If the pond is too heavily stocked, fish can run into oxygen debt even in cooler weather. Hot weather can even bring about oxygen debt in moderately stocked ponds. Normally, this time of year, May temperatures are around the mid 80's for a high, this year, we have already seen temperatures in the mid 90's.

Often the pond owner won't need to determine pounds of fish per acre to diagnose oxygen depletion. Oxygen-starved fish can be seen gasping at the surface or swimming weakly to the edge of the pond. Oxygen depletion will affect all sizes and species of fish to various degrees. Because photosynthesis shuts down during the night, fish showing symptoms of oxygen depletion will be most obvious during early and mid-morning hours.

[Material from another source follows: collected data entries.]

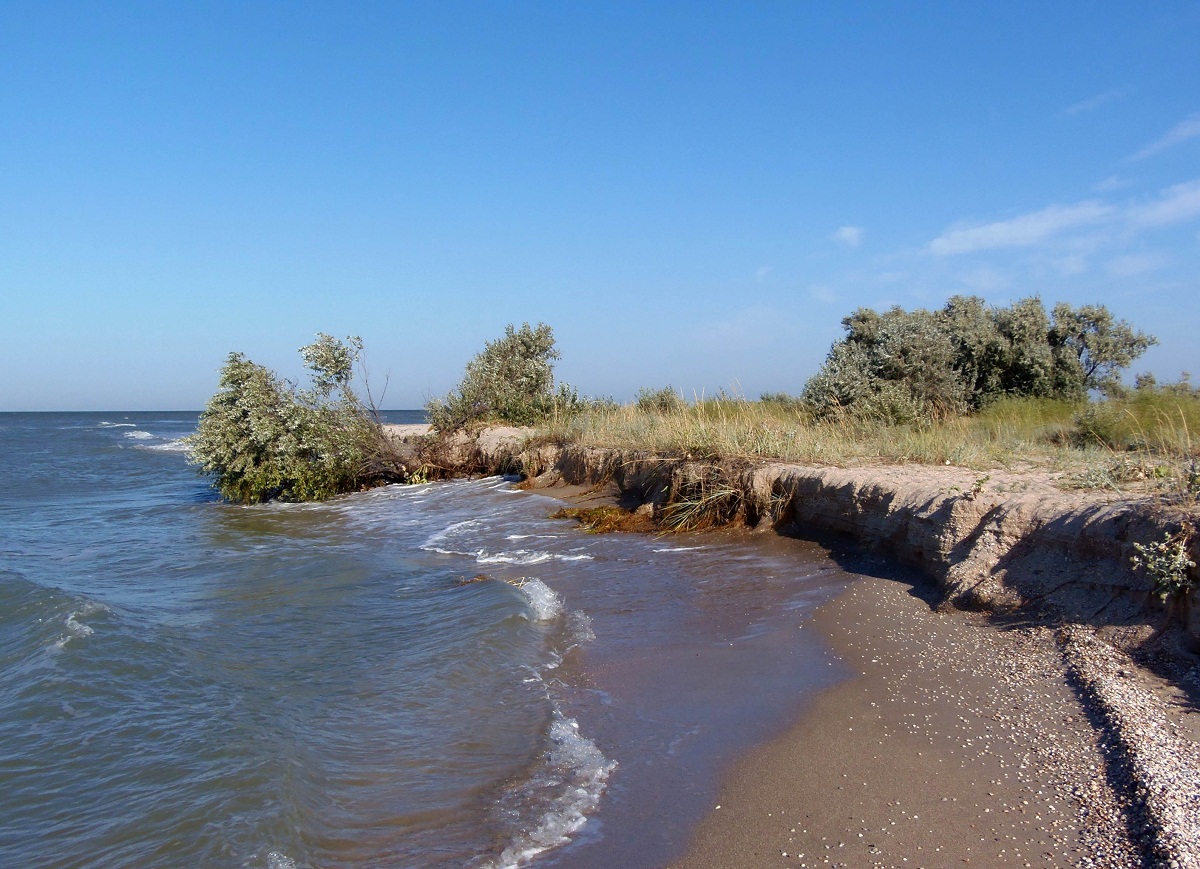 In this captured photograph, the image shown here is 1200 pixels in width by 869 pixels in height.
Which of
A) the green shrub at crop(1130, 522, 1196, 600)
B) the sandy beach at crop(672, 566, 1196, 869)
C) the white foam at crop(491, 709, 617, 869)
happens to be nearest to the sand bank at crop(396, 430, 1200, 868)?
the sandy beach at crop(672, 566, 1196, 869)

Pond owners who have a motor-equipped boat can easily and cheaply counteract oxygen depletion, Higginbotham said. Just back the trailer into shallow water and leave the motor running in gear until the fish recover. The submerged prop will move enough water about to cause oxygen levels to increase. If a pond owner doesn't have a trailer, Higginbotham suggested, lodge the boat against a stump or in deep water against the bank.

Just cruising around the pond in the boat won't help much, Higginbotham said. Cruising means the prop is pushing the boat, not the water, resulting in considerably less oxygen absorption. Pumps can also be used to increase oxygen, but the intake should be set within two or three feet below the pond surface.

Higginbotham cautioned that using boats and pumps to increase oxygen levels are only temporary solutions.

"If the real problem is too many fish present, it's time to go fishing and significantly lower the fish population," he said.

An estimated 840,000 small ponds pepper the Texas landscape. East Texas has about 300,000 ponds, 80 percent of which have been stocked with fish.